Today at 4pm ET, the senators are expected to vote on a gun control background check bill that would expand background checks to more gun purchasers, increase aid for school safety and strengthen existing gun trafficking laws. One would think that an issue that has the support of nearly 90% of the American people would sail through congress as rapidly as, say, the recent measure to protect representatives from having to reveal that their stock trades benefit from insider trading information but, alas, that’s politics.
The current version of the bill is significantly watered down; no longer is the background check a truly universal exercise in data gathering on criminals — it doesn’t delve as deeply as even many prospective employment inquiries would. But, even in its weakened state, the bipartisan duo of Pat Toomey (R-PA) and Joe Manchin (D-WV) can’t seem to get beyond 52 votes. The 40 ‘nay’ voters are Republican senators; the 52 ‘yes’ votes include 3 GOPers who have broken ranks with their party. The 8 undecideds include 6 Democrats; Mary Landrieu of Louisiana, Max Baucus of Montana, and Heidi Heitkamp of North Dakota are in ‘red states’ and, it will be noted by the citizens of their respective states, Baucus and Landrieu face re-election next year.
Republican senator John McCain (R-AZ) has a real opportunity to lead on this issue and draw power away from the too-powerful National Rifle Association lobby. As one of the undecideds — and as a senator from the same state in which his colleague, Congresswoman Gabrielle Giffords was shot — it would be a feather in his tarnished cap to do the right thing for not just the people of his state but to make up for the other senator, Jeff Flake, who surprised many when he announced on his Facebook page that he will vote against it. He said, in part:
“Manchin-Toomey would expand background checks far beyond commercial sales to include almost all private transfers – including between friends and neighbors — if the posting or display of the ad for a firearm was made public. It would likely even extend to message boards, like the one in an office kitchen. This simply goes too far.”
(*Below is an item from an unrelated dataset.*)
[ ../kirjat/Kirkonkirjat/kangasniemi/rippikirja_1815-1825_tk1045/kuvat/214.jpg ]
He went on to say, “I support background checks. In fact, I believe background checks need to be strengthened, particularly as they relate to those with mental illness,” indicating that he believes that there is a workable compromise — but one that will not be in the form of the Toomey-Manchin proposal.
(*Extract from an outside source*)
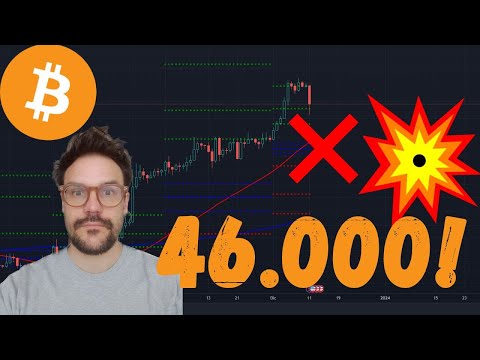 SEMBRA IMPOSSIBILE! BITCOIN SI AVVICINA ALL’ APERTURA 2022! OCCHIO A BRC20.COM!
The party of Democrats is a big tent with many divergent opinions, and some of us will watch carefully when the Democrats who oppose an issue such as this — one supported with the widest of margins — face re-election, even in areas dominated by conservative voters who themselves support background checks. Former astronaut Mark Kelly, husband of Gabby Giffords, has already made it clear that he will seek someone to run against Jeff Flake during Flake’s next election bid, and it’s all but certain that the 6 Democrats who are afraid to support the legislation will face opposition as well.